Scyscraper - This Movie Does Not Rock
Dir: Rawson Marshall Thurber
Starring Dwayne The Rock, Neve Campbell, Pablo Schreiber, Chin Han, Noah Taylor
Welcome to Dwayne The Cock’s second soulless epic of the year. In the kind of shorthand that makes a movie easy to sell in the increasingly dominant market of China, Skyscraper is The Towering Inferno (but not as good) meets Die Hard (nowhere near as good, not even vaguely in the same room, shouldn’t really be mentioned in the same breath, etc.) Dwayne the Cock, sorry Rock, is a former FBI man who lost a leg on the job and now has a mechanical replacement.
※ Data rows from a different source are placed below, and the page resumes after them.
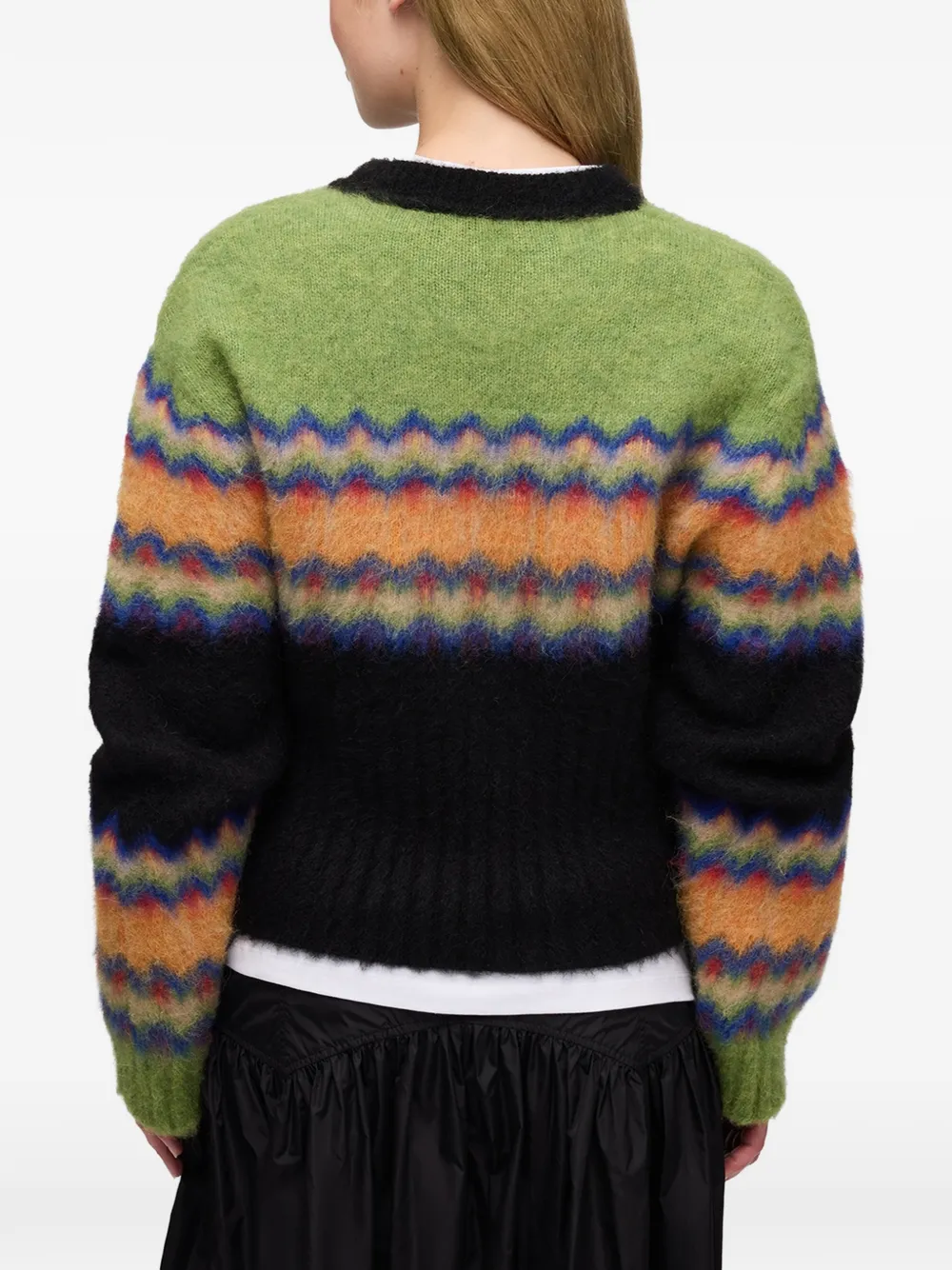 GANNI Trui van Fair Isle alpaca Groen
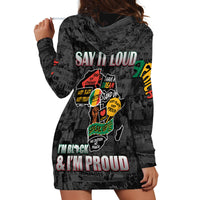 Personalized I'm Black and I'm Proud African Hoodie Dress - Wonder Print Shop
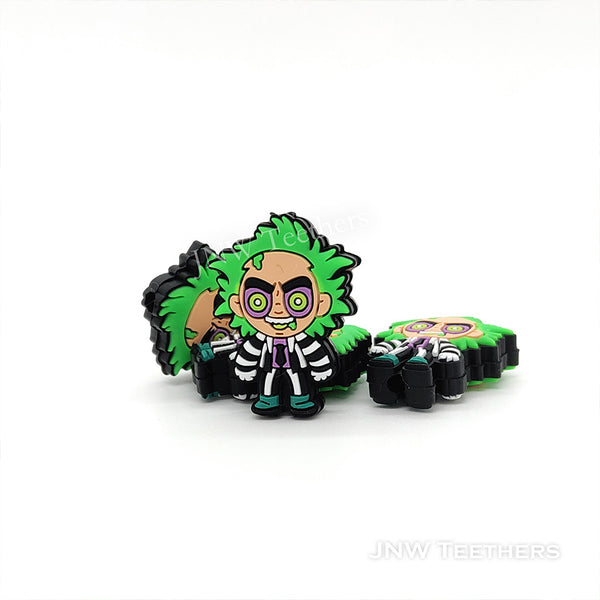 Green Monster Silicone Focal Beads
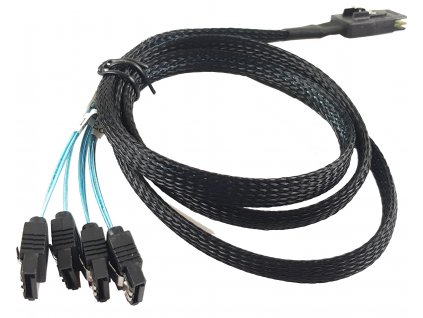 Kabel mini SAS SFF-8087 4x SATA 7pin pro disk 2 varianty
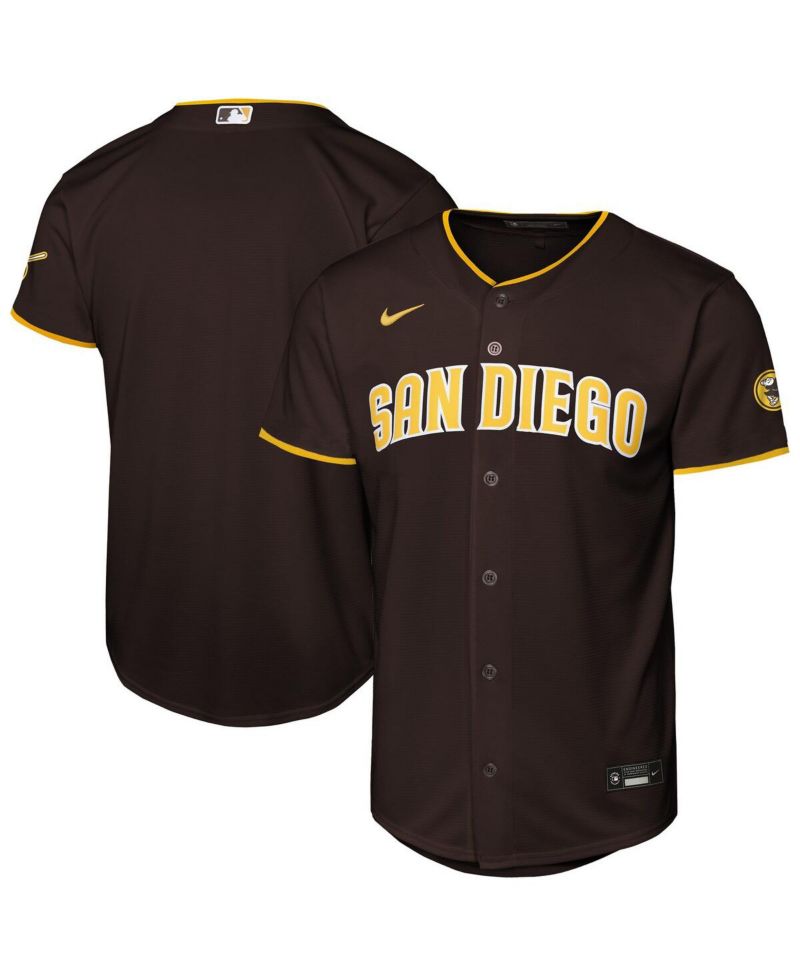 Big Boys and Girls Brown San Diego Padres Home Stadium Jersey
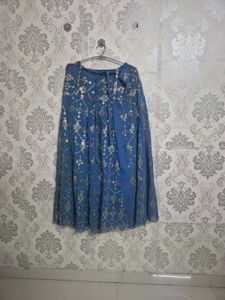 Blue & Gold Skirt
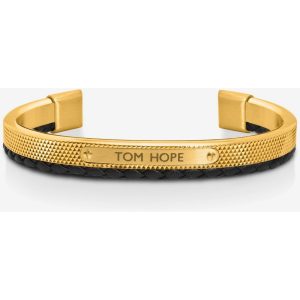 Biżuteria TOM HOPE TM0282. Bransoletka, Kolor złoty. Mężczyzna.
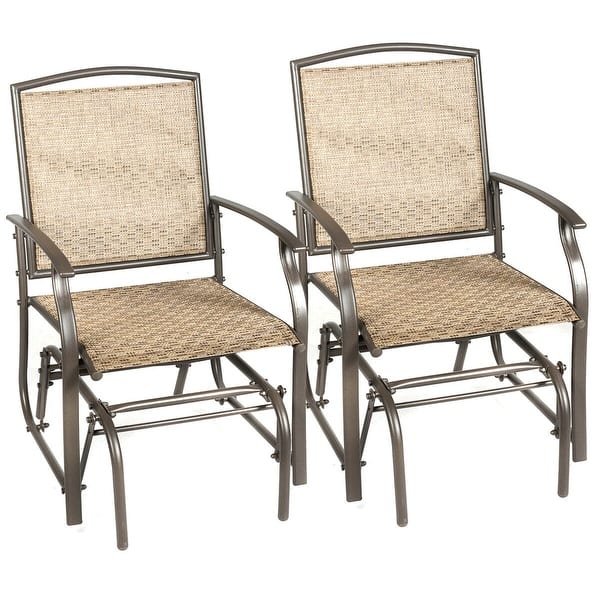 Shop Costway 2pcs Patio Swing Single Glider Chair Rocking Seating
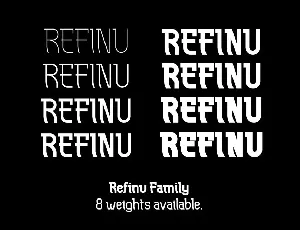 Refinu font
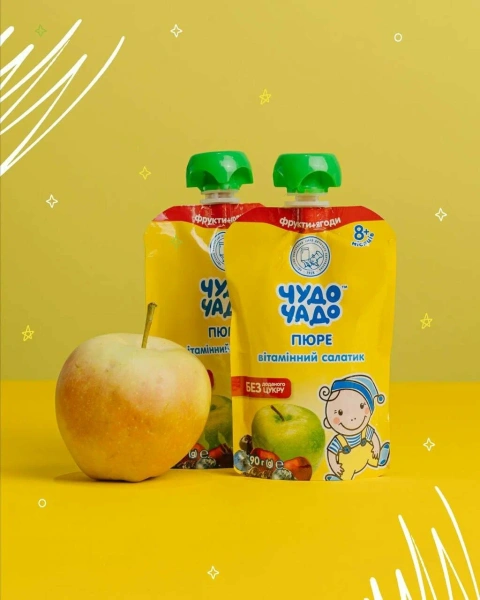 ЧУДО-ЧАДО Пюре витаминный салатик 90гр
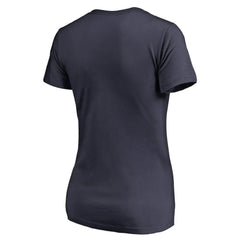 Boston Red Sox Women's Fade Out V-Neck T-Shirt - Navy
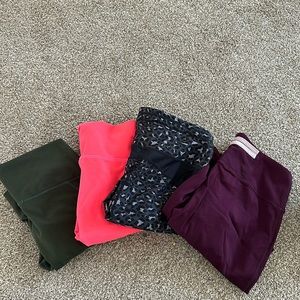 4 pairs of Fabletics leggings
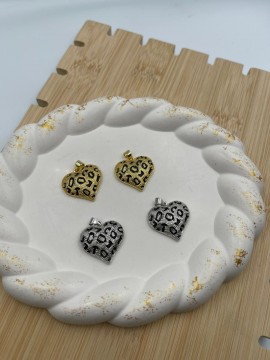 Подвеска сердце леопардовая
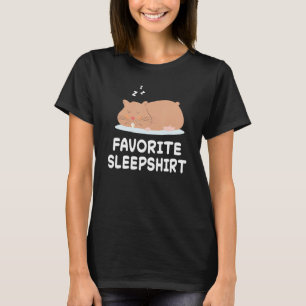 Hamster Hamsters Nap Sleeping Sleep Pajama Nightgo T-Shirt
We mention this because in Thurber’s witless disaster epic, this false leg is here to denote a character trait – you know, as in “this is a different kind of role for Dwayne, he only has one leg in this one.” In reality it’s a prop for clinging onto and hitting things with.
As with The Towering Inferno, this is set in the just constructed biggest building ever! (re-located to Hong Kong – gotta keep an eye on that ever expanding Asian market) and, it is of course, also the safest building. Ever! Which then makes it even more unexpected when it catches fire with remarkable ease following an invasion by a heavily armed group of proto-terrorists who clearly aren’t Hans Gruber but would really like to be.
With his family unexpectedly trapped halfway up the very tall building, what can a poor Rock do ‘cept to randomly climb up a convenient crane and jump off and into the building with his one good leg.
Strangely enough, this and all his further actions are watched not only by us the willing (?) audience, but also by several hundreds of others throughout the film. People use their phones or tablets to follow the action, as crowds gather in the streets below to watch every set piece on giant video screens. You’d like to think that director Thurber (also writing here) is making some sort of commentary on the nature of a contemporary screen obsessed society, but the reality is this Greek chorus of a crowd is there to gasp, cheer or applaud so we in our seats remember to gasp, cheer or applaud as well. They are simply prompts – there to remind us how to react to this movie, just in case our souls have become too inured at this point to do such things for ourselves.
Which is likely, for once again, Dwayne has delivered a movie with lots of dangerous things going on but absolutely no sense of any real jeopardy. When you have two oaks for arms and a Redwood for a chest, it’s hard to come across as human (whether you’re sporting one leg or two.) In lieu of that, he makes jokes about duct tape. The outcome of a Rock movie is never in doubt, but now the mechanics of how you get to that point have become so rote that it is simpley remarkably dull, despite the level of noise and flash around it.
With a ridiculous and frankly daft climax set amongst a hall of mirrors (why? WHY??), a contrived plot that hinges on stealing a flash drive (wow – haven’t seen that before!!) and a resolution that involves a secondary character half a mile away resolving issues by pressing a button on a tablet – Skyscraper may set buildings on fire, but it rapidly fizzles out.